===== The records

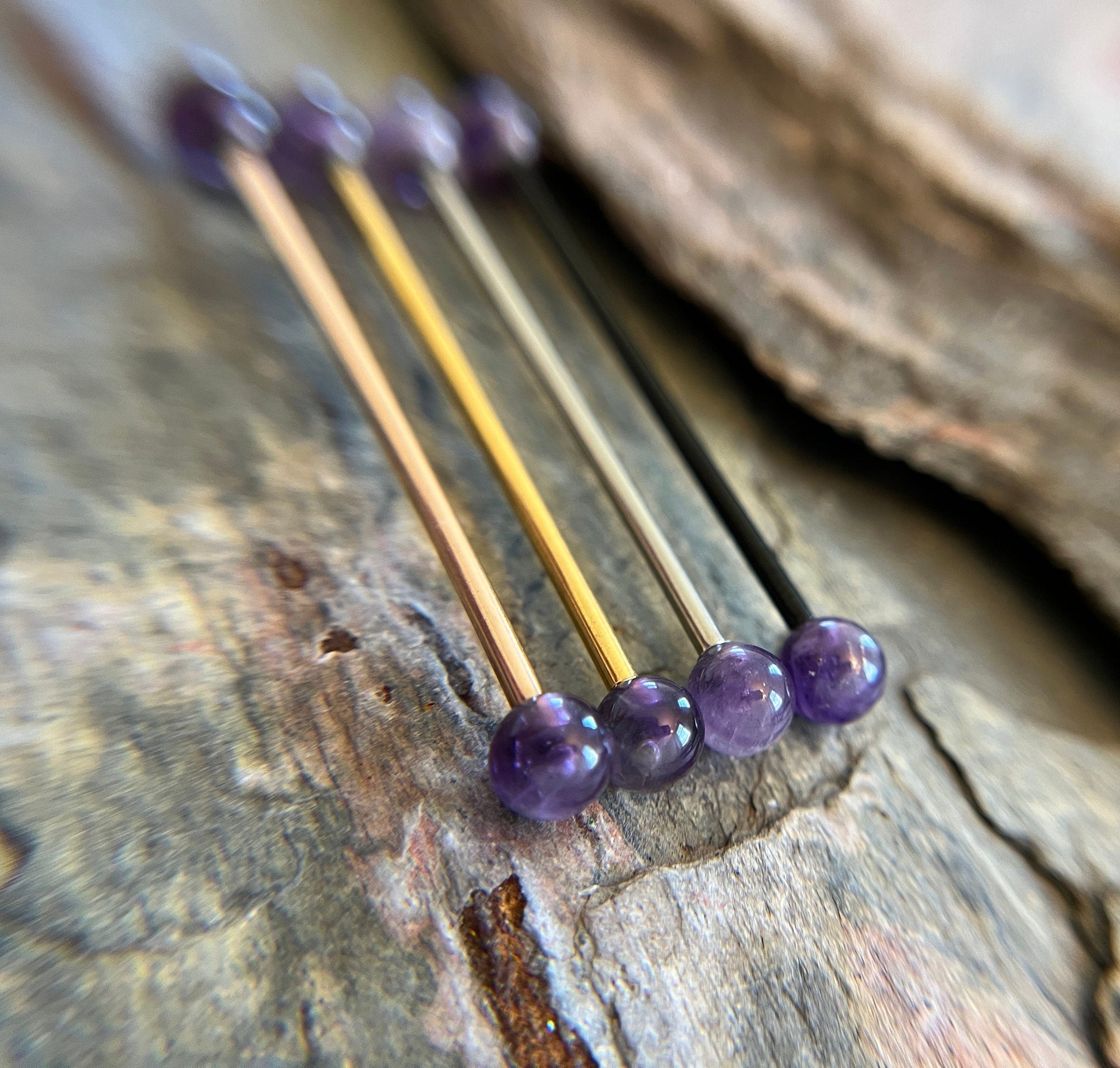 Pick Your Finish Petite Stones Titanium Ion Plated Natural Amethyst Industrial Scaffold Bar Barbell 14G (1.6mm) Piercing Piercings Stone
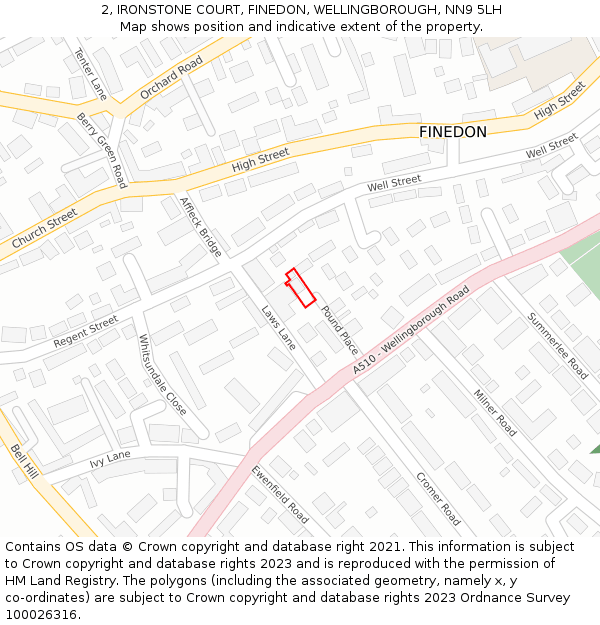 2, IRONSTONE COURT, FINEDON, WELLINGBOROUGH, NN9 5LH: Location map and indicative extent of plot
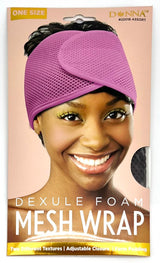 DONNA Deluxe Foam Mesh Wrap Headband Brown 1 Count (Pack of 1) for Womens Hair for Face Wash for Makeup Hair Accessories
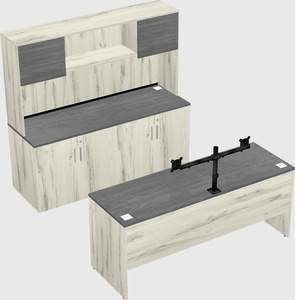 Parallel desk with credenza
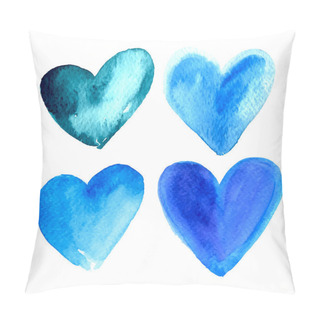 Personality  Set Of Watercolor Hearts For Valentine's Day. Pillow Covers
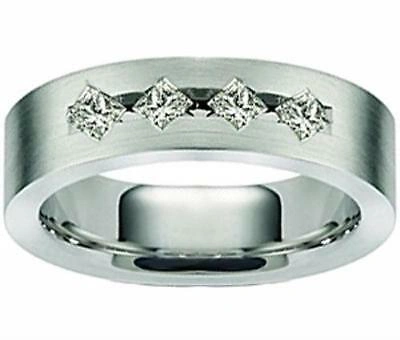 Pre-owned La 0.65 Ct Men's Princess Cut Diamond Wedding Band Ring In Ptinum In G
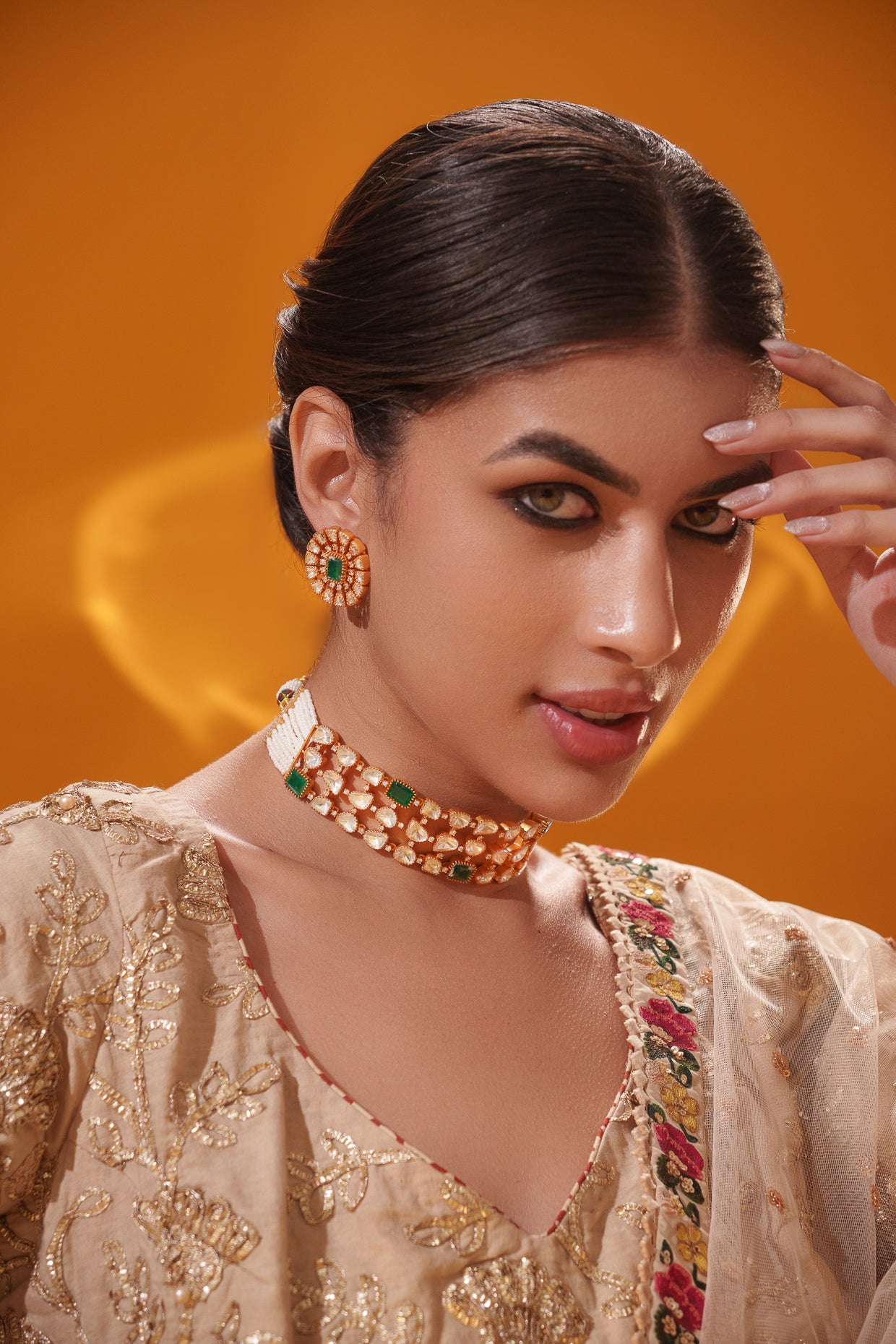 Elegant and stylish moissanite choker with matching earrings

==========

§ Exercise goal: Print the data again, word for word, without any pictures.

§ Task answer:
 Pick Your Finish Petite Stones Titanium Ion Plated Natural Amethyst Industrial Scaffold Bar Barbell 14G (1.6mm) Piercing Piercings Stone
 2, IRONSTONE COURT, FINEDON, WELLINGBOROUGH, NN9 5LH: Location map and indicative extent of plot
 DONNA Deluxe Foam Mesh Wrap Headband Brown 1 Count (Pack of 1) for Womens Hair for Face Wash for Makeup Hair Accessories
 Parallel desk with credenza
 Personality  Set Of Watercolor Hearts For Valentine's Day. Pillow Covers
 Pre-owned La 0.65 Ct Men's Princess Cut Diamond Wedding Band Ring In Ptinum In G
 Elegant and stylish moissanite choker with matching earrings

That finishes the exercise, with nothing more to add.